In 1975 Myers (along with clinical psychologist and University of Florida professor Mary McCaulley) founded the Center for Application of Psychological Type (CAPT). CAPT’s mission is stated as “Fostering human understanding through, training, publishing, and research.” They support research and teaching on Jungian type theory (including the MBTI) through conferences, training, and scholarships. In 1977, CAPT began publishing the Journal of Psychological Type, which, to date, has published over five-hundred articles related to type theory.
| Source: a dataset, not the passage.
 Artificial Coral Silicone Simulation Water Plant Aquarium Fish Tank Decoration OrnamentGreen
Isabel Myers was clearly and demonstrably a woman who valued research and used it to develop and refine the MBTI.

Research on the accuracy of the test itself, updated versions of the test, and research on type associations has continued even after Myers’ death in 1980. Since 1943, the MBTI has been updated several times for methodological improvements and ease of use. The online version of the MBTI was updated as recently as 2019. The MBTI has also been successfully adapted and translated into versions for global audiences and non-English speakers. These versions also report good reliability, validity, and factor structure for their given populations.

Other researchers also continue to use type tests and theory in their work. For example, Dario Nardi’s research at UCLA suggests that there may be a neurological basis for type. His work suggests that individuals have preferred neural networks that form the basis of their cognitive, emotional, and behavioral patterns, which distinguishes their personality type. My own research with graduate student Dakota Jackson has found evidence of associations between type and self-efficacy, attachment style, and some clinical symptomologies. Some artificial intelligence researchers are even looking to type theory as the basis for artificial personality styles (Meerbeek, 2016; Neubauer, 2003).
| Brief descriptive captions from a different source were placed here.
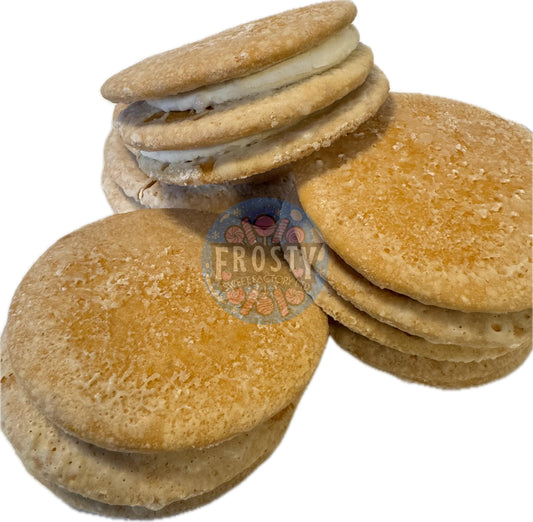 Freeze Dried Cookies Moonie Vanilla Double Decker with Marshmallow, USA Cookies Biscuits Wagon Wheel Sweets - Frosty Sweet Factory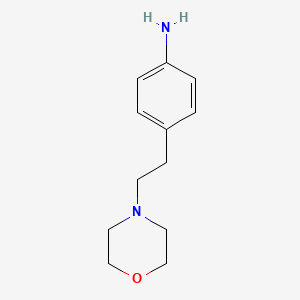 molecular formula C12H18N2O B1592059 4-(2-Morpholinoethyl)aniline CAS No. 262368-47-8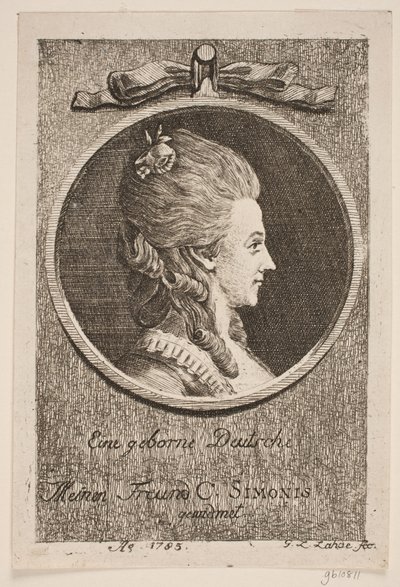 Een geboren Duitser. Gewijd aan mijn vriend C. Simonis door Gerhard Ludvig Lahde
The culmination of these (and hundreds of other) published studies presents a robust defense against claims the MBTI and other type tests are invalid or unreliable. In my view, this puts the Indicator on par with the well-respected Big Five. But what sets the MBTI apart is its foundation in psychological theory and clinical practice.

Carl Jung used his clinical observations and unquestioned brilliance to conceive of eight types (today referred to as “cognitive functions”). Jung published his type theory in Psychological Types – first translated into English in 1923. It was from this book and Jung’s theory that Katherine Briggs formed and Isabel Myers’ refined their Type Indicator. Scientific-best-practice puts theory ahead of testing; because data obtained without an established theoretical framework is easily interpreted with bias. Eyesnck (1992) had this to say about the Big Five’s lack of a theoretical basis: “I am suggesting that in the absence of a nomological network, and lacking any theoretical underpinning, the [Big Five] interpretation is subjective, contestable, and hence unscientific." This is not a criticism that can be levied against the MBTI given its deep theoretical roots.
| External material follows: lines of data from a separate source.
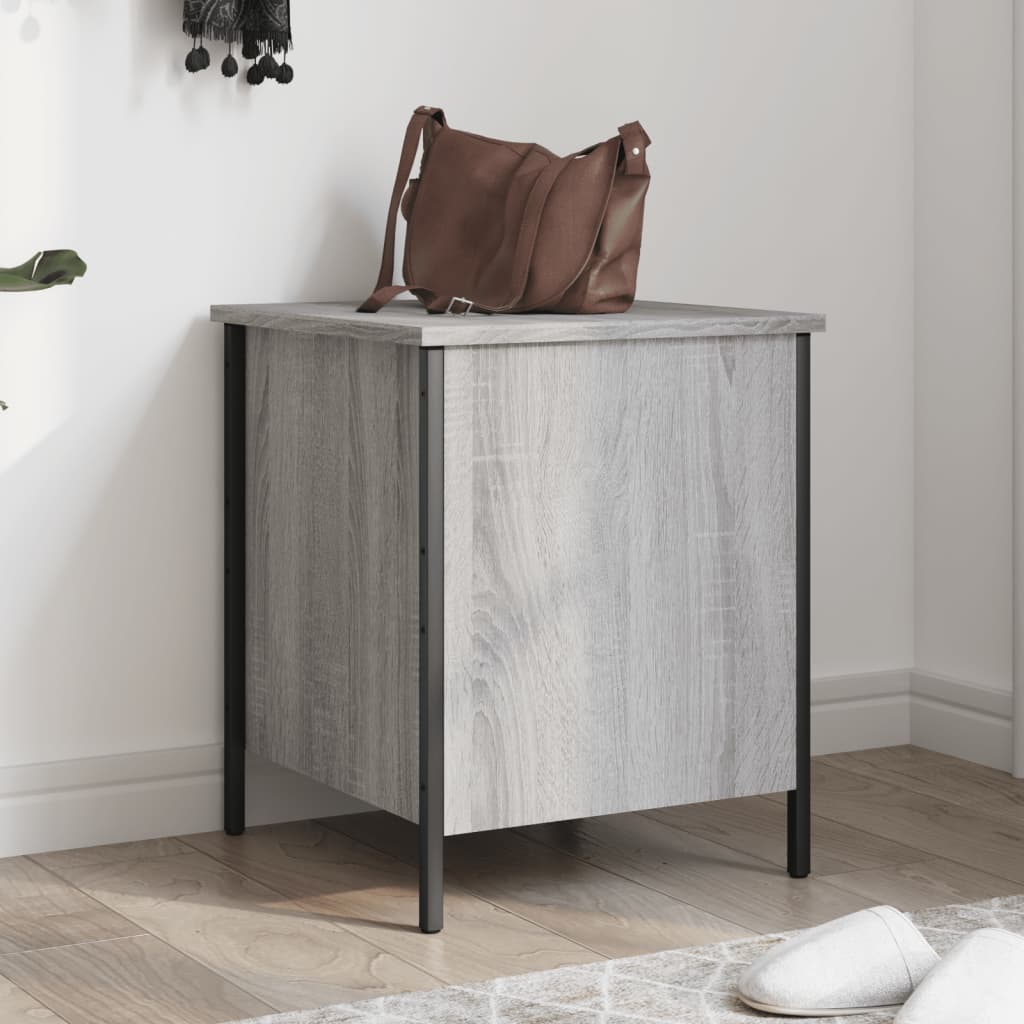 vidaXL Storage Bench Grey Sonoma 40x42,5x50 cm Engineered Wood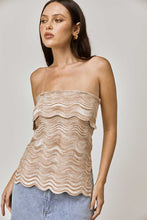 Waves Strapless Top - Neutral Space Dye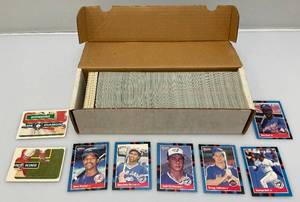 lot 165 image: Misc. Unsorted 1987 LEAF Baseball Cards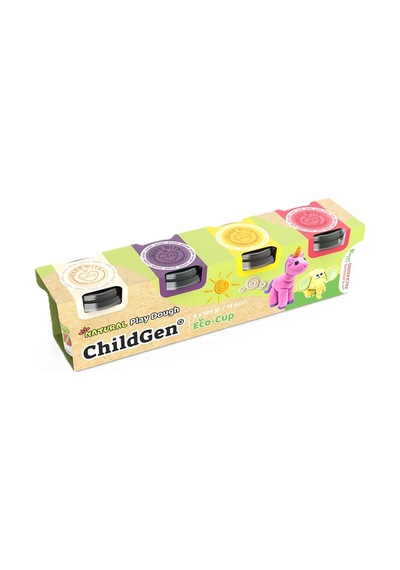 Childgen Doğal Oyun Hamuru Unicorn 4 X 125 G - 3 Adet Tarı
Lastly, I think it’s important to recognize the widespread use and popularity of Myers-Briggs-like tests, and the connection that people have with their type. This is not an entirely scientific argument, to be sure, but I would suggest that any test claiming to describe a person’s personality should be recognizable to that person or anyone else who knows them well enough. This is the experience that many people have when they finally come upon their type. They recognize themselves – the good and the bad parts. And there’s some validity in that too.

References

Pittenger, D. (2005). Cautionary comments regarding the Myers-Briggs Type Indicator. Consulting Psychology Journal Practice and Research, 57(3): 210-221. DOI: 10.1037/1065-9293.57.3.210

Eysenck, H.J. (1992). Four ways five factors are not basic. Personality and Individual Differences. 13 (8): 667–673. doi:10.1016/0191-8869(92)90237-j.